◆ Collected material ◆

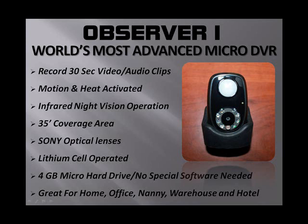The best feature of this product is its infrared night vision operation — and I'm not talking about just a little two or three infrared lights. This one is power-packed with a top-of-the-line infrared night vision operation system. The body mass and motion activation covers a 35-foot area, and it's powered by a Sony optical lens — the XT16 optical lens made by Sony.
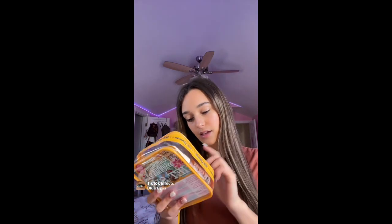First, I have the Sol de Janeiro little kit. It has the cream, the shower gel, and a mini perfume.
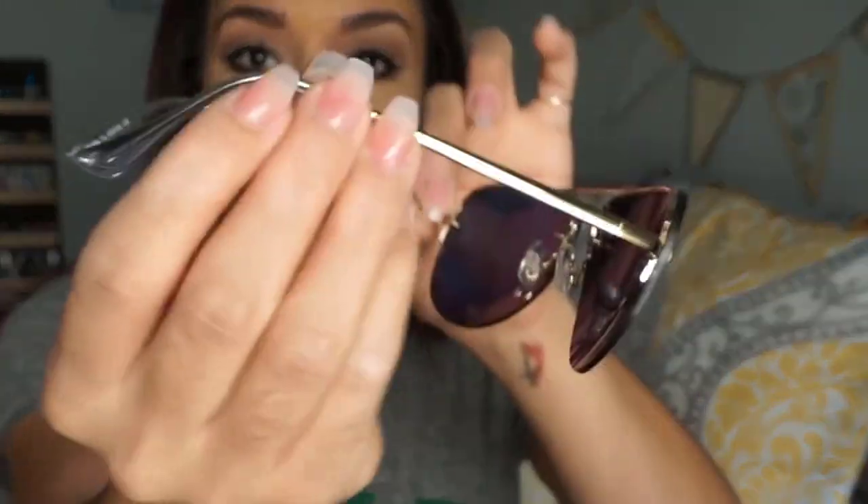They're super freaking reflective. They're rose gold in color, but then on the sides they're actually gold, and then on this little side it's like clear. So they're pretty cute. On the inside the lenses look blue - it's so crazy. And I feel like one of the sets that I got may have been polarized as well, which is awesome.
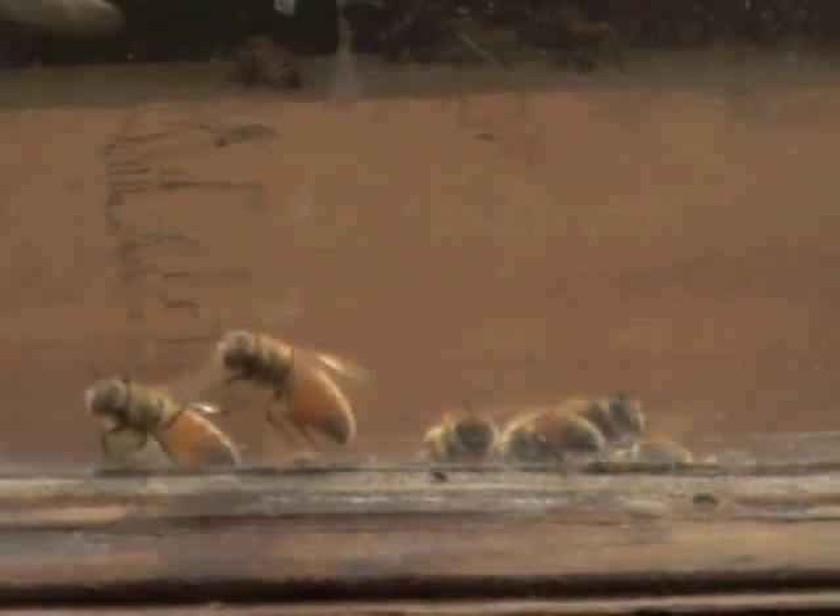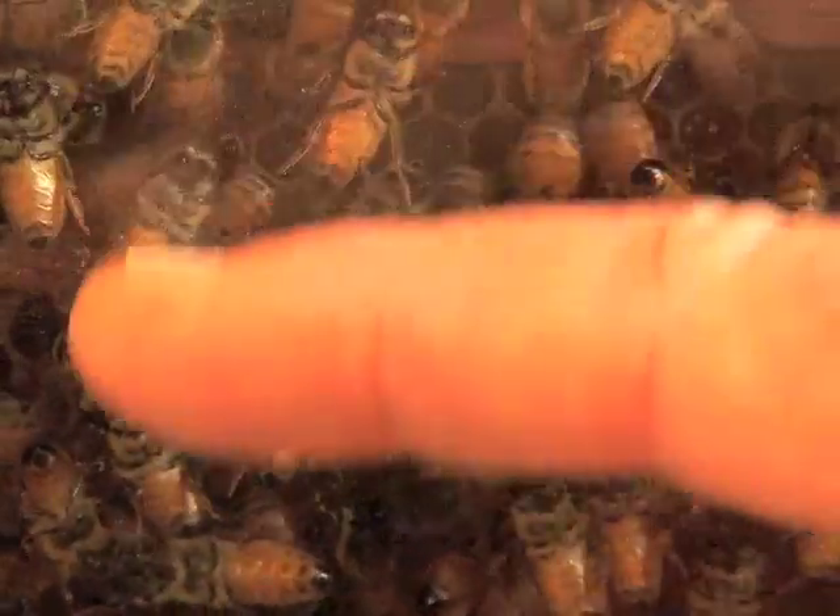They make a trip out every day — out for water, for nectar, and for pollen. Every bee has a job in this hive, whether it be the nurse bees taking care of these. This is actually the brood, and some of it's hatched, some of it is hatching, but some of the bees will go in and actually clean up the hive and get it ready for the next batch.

◆ Directions ◆
Drop the pictures, then repeat the material word for word.

◆ Answer to this task ◆
The best feature of this product is its infrared night vision operation — and I'm not talking about just a little two or three infrared lights. This one is power-packed with a top-of-the-line infrared night vision operation system. The body mass and motion activation covers a 35-foot area, and it's powered by a Sony optical lens — the XT16 optical lens made by Sony.
First, I have the Sol de Janeiro little kit. It has the cream, the shower gel, and a mini perfume.
They're super freaking reflective. They're rose gold in color, but then on the sides they're actually gold, and then on this little side it's like clear. So they're pretty cute. On the inside the lenses look blue - it's so crazy. And I feel like one of the sets that I got may have been polarized as well, which is awesome.
They make a trip out every day — out for water, for nectar, and for pollen. Every bee has a job in this hive, whether it be the nurse bees taking care of these. This is actually the brood, and some of it's hatched, some of it is hatching, but some of the bees will go in and actually clean up the hive and get it ready for the next batch.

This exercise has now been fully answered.